The 5' cap structure (m(7)GpppX-) is an essential feature of eukaryotic mRNA required for mRNA stability and efficient translation. Influenza virus furnishes its mRNA with this structure by a cap-snatching mechanism, in which the viral polymerase cleaves host mRNA endonucleolytically 10-13 nucleotides from the 5' end and utilizes the capped fragment as a primer to synthesize viral transcripts. Here we report a unique cap-snatching mechanism by which the yeast double-stranded RNA totivirus L-A furnishes its transcript with a cap structure derived from mRNA. Unlike influenza virus, L-A transfers only m(7)Gp from the cap donor to the 5' end of the viral transcript, thus preserving the 5' α- and β-phosphates of the transcript in the triphosphate linkage of the final product.
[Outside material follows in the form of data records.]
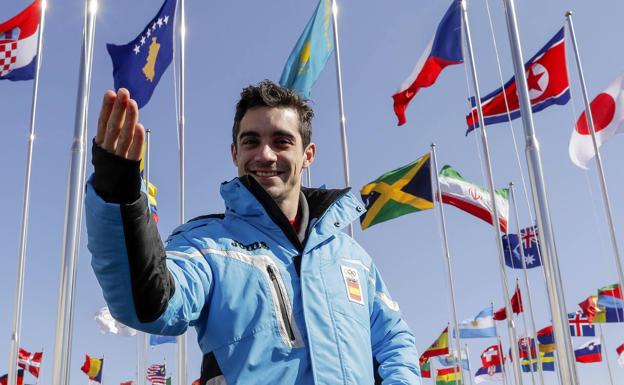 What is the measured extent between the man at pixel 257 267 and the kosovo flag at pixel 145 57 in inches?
293

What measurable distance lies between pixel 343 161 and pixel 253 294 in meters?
6.69

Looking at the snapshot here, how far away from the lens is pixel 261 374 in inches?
78.0

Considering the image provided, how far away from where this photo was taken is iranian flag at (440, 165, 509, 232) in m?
14.1

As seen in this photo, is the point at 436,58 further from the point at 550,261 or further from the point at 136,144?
the point at 136,144

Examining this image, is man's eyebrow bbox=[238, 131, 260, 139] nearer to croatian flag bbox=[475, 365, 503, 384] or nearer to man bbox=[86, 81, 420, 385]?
man bbox=[86, 81, 420, 385]

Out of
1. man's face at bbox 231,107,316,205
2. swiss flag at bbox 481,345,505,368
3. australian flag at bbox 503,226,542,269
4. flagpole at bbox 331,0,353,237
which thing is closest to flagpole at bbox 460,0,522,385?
flagpole at bbox 331,0,353,237

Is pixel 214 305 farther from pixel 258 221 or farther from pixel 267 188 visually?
pixel 267 188

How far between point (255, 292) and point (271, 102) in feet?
2.97

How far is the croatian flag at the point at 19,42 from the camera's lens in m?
12.1

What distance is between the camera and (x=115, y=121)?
1.45m

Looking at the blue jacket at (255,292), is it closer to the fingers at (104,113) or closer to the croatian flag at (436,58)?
the fingers at (104,113)

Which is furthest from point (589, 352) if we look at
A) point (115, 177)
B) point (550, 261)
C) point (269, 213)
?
point (115, 177)

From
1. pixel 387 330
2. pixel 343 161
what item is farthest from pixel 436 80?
pixel 387 330

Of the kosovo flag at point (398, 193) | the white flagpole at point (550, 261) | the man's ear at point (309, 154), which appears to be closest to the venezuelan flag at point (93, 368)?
the kosovo flag at point (398, 193) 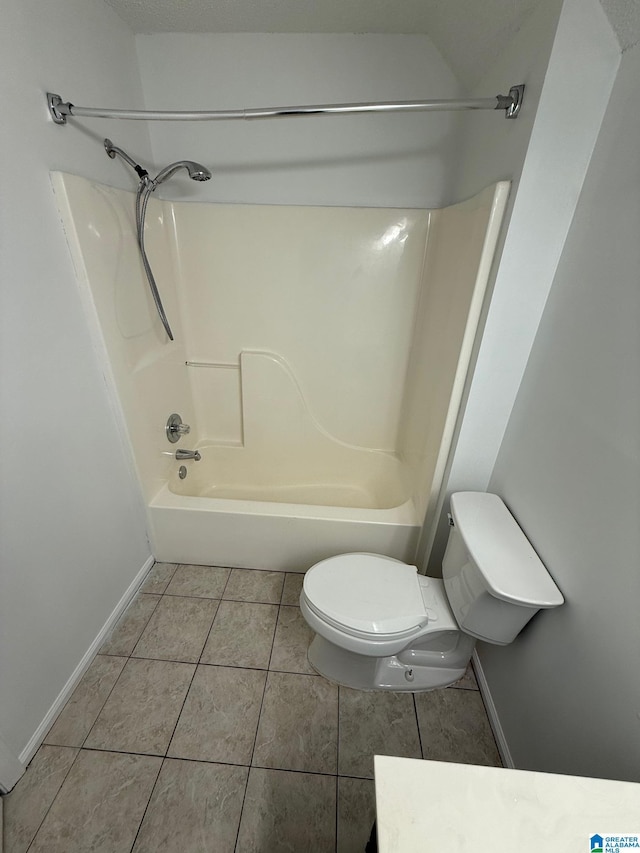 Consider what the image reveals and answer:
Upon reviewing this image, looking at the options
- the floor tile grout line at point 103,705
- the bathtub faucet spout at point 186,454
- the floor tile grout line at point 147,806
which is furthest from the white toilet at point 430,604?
the bathtub faucet spout at point 186,454

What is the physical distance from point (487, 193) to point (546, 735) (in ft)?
4.89

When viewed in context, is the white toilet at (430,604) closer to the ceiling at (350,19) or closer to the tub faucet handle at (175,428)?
the tub faucet handle at (175,428)

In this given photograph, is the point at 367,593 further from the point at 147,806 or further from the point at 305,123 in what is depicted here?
the point at 305,123

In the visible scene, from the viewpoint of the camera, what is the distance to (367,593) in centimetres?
117

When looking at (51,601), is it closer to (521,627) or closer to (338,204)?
(521,627)

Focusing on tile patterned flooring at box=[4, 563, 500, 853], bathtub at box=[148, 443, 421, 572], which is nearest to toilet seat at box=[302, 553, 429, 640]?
bathtub at box=[148, 443, 421, 572]

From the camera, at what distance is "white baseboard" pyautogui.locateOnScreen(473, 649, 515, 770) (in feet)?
3.60

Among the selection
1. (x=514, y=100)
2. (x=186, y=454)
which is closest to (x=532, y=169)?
(x=514, y=100)

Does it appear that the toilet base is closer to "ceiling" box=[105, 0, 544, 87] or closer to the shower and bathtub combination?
the shower and bathtub combination

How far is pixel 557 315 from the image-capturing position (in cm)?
98

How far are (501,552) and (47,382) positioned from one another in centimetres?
141

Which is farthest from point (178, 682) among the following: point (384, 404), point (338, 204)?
point (338, 204)

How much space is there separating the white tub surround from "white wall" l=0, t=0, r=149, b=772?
10 centimetres

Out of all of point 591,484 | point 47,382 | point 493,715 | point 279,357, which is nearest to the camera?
point 591,484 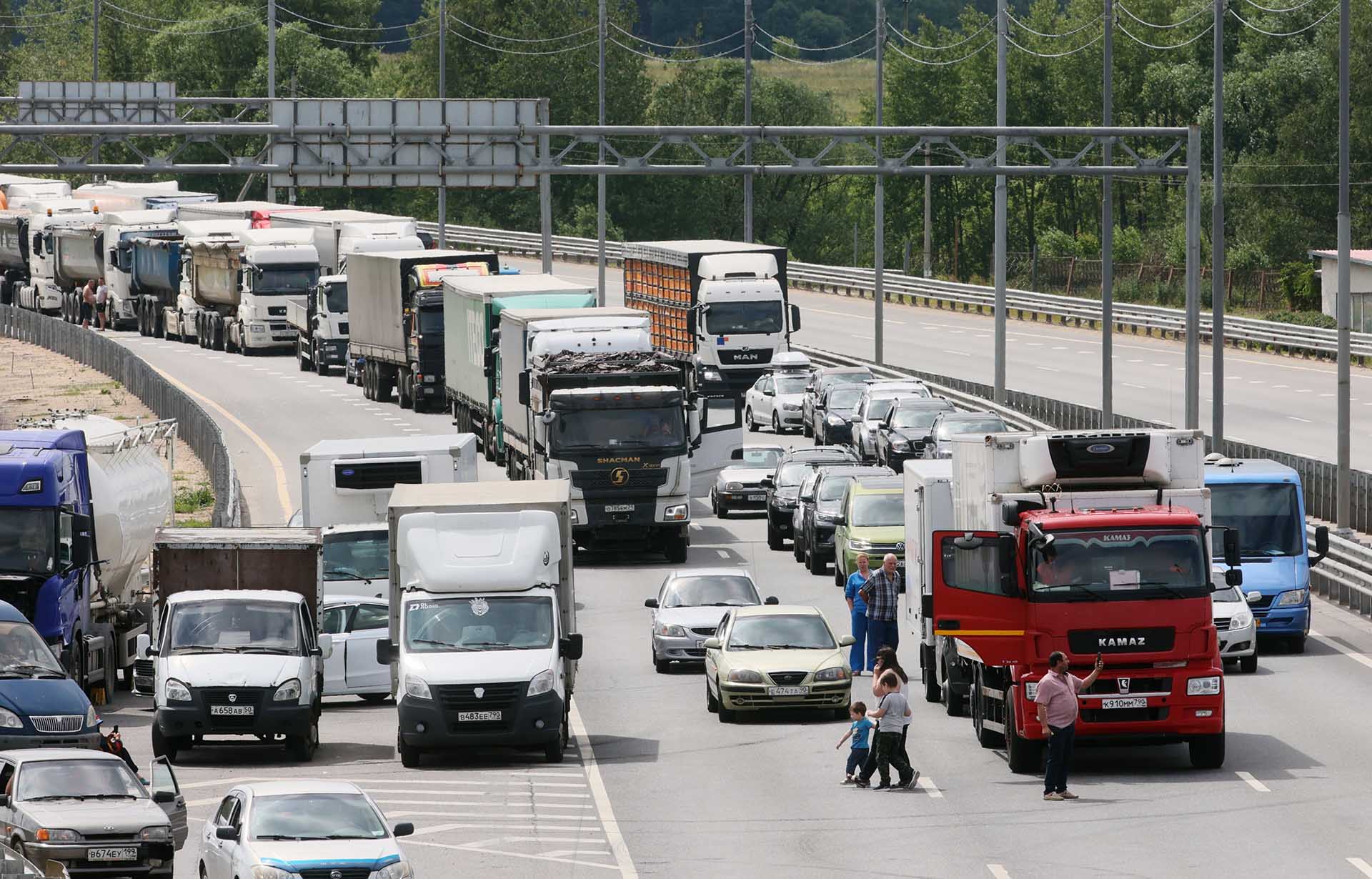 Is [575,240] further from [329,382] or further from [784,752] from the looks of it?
[784,752]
This in vitro capping reaction requires His154 of the coat protein Gag, a residue essential for decapping of host mRNA and known to form m(7)Gp-His adduct. Furthermore, the synthesis of capped viral transcripts in vivo and their expression were greatly compromised by the Arg154 mutation, indicating the involvement of Gag in the cap-snatching reaction. The overall reaction and the structure around the catalytic site in Gag resemble those of guanylyltransferase, a key enzyme of cellular mRNA capping, suggesting convergent evolution. Given that Pol of L-A is confined inside the virion and unable to access host mRNA in the cytoplasm, the structural protein Gag rather than Pol catalyzing this unique cap-snatching reaction exemplifies the versatility as well as the adaptability of eukaryotic RNA viruses.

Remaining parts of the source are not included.